## Activity
Once the line with "Betsey Johnson parrot" is found, write it out along with every line after it, exactly, up to the last line of the entries below. Exclude pictures.

## Information supplied
- Opening Delimiter -

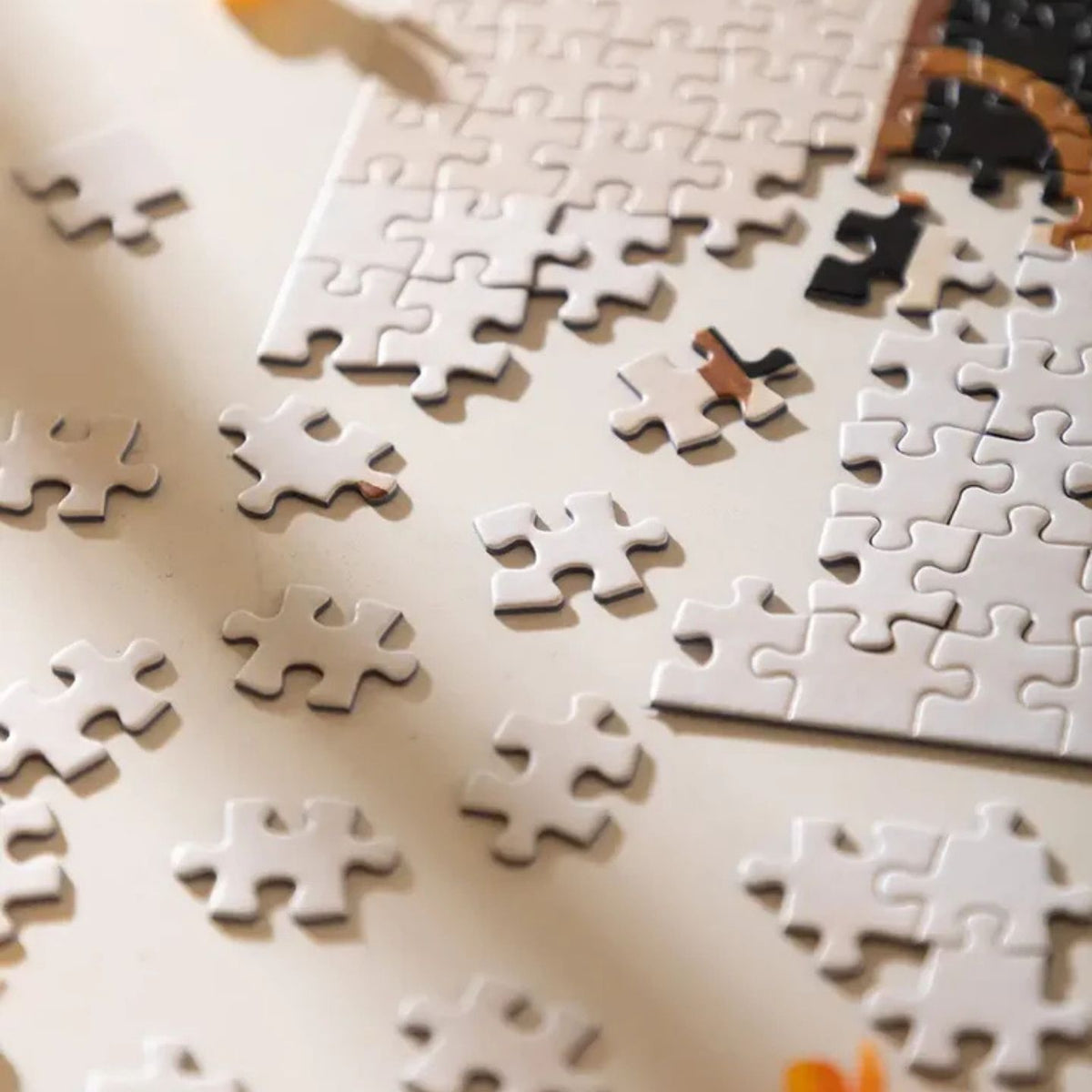 Puzzle illustré avec un bouquet de fleurs colorées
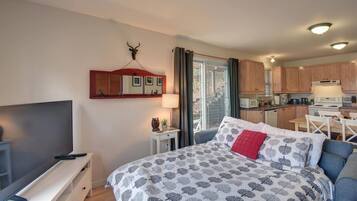 1 dormitorio, escritorio, tabla de planchar con plancha y cuna de viaje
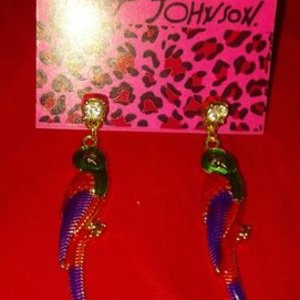 Betsey Johnson parrot earrings is being swapped online for free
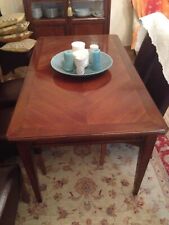 Tavolo in legno color ciliegio allungabile con 4 sedie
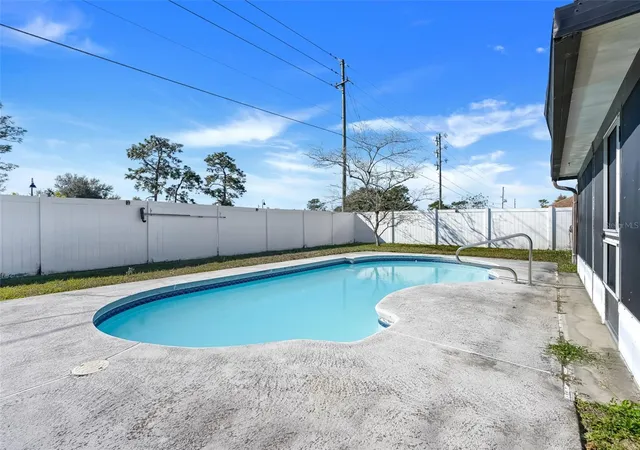 Photo 3 of Single family home for sale at 105 Dorchester Ct, Kissimmee, FL 34758 | MLS# O6374667 | Listing updated on 2026-10-14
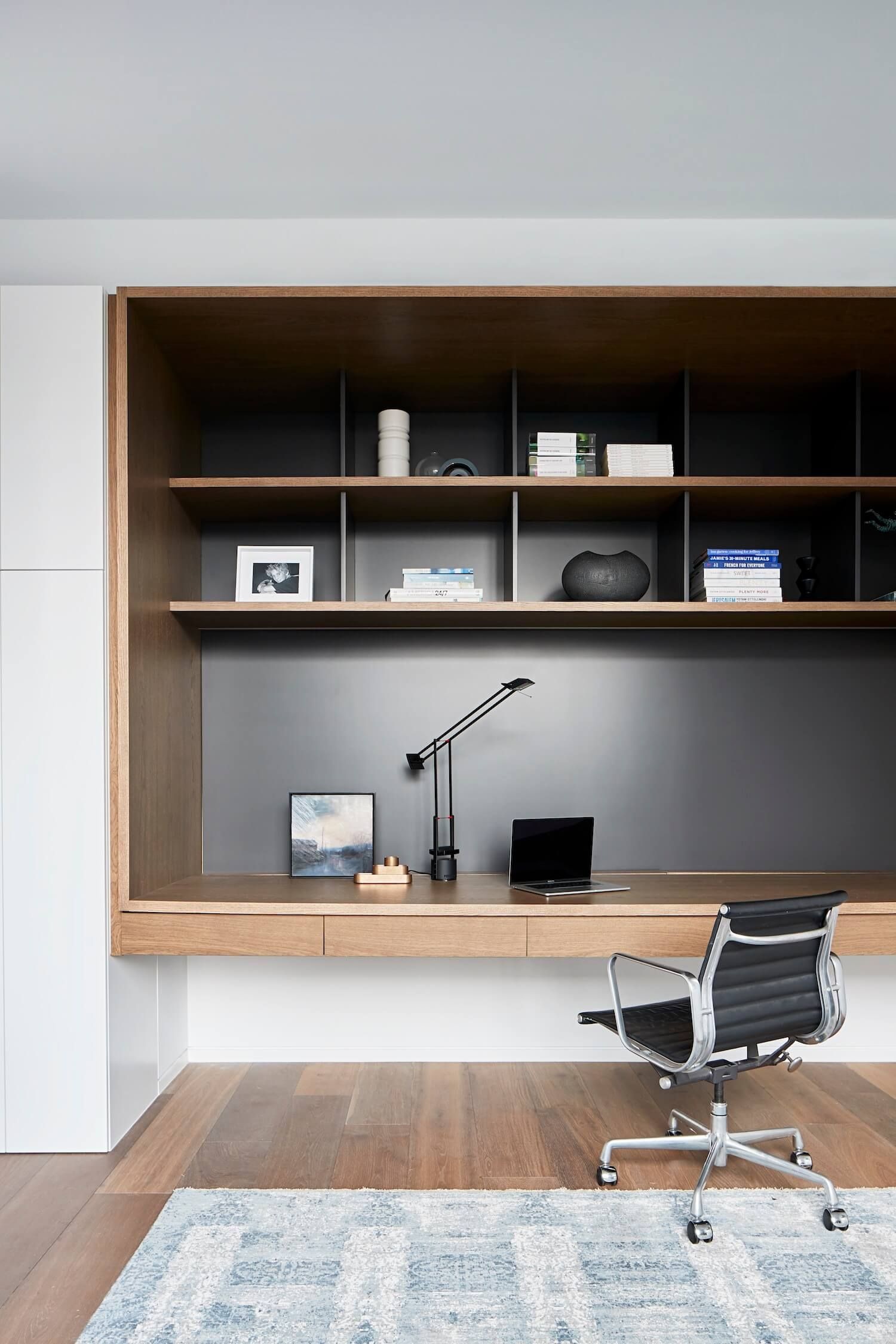 A Wide Wall Storage for Home Office
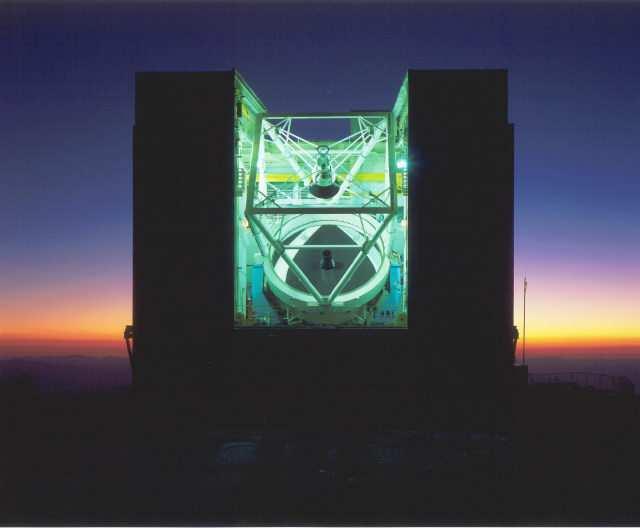 Az MMT-s felvételek a korábbi 1993-ban, a KPNO (Kitt Peak National Observatory) -es távcsövével, illetve a 2002-ben az FLWO -es távcsövével végzett méréseket egészítette ki.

- Closing Delimiter -

## Finished exercise
 Betsey Johnson parrot earrings is being swapped online for free
 Tavolo in legno color ciliegio allungabile con 4 sedie
 Photo 3 of Single family home for sale at 105 Dorchester Ct, Kissimmee, FL 34758 | MLS# O6374667 | Listing updated on 2026-10-14
 A Wide Wall Storage for Home Office
 Az MMT-s felvételek a korábbi 1993-ban, a KPNO (Kitt Peak National Observatory) -es távcsövével, illetve a 2002-ben az FLWO -es távcsövével végzett méréseket egészítette ki.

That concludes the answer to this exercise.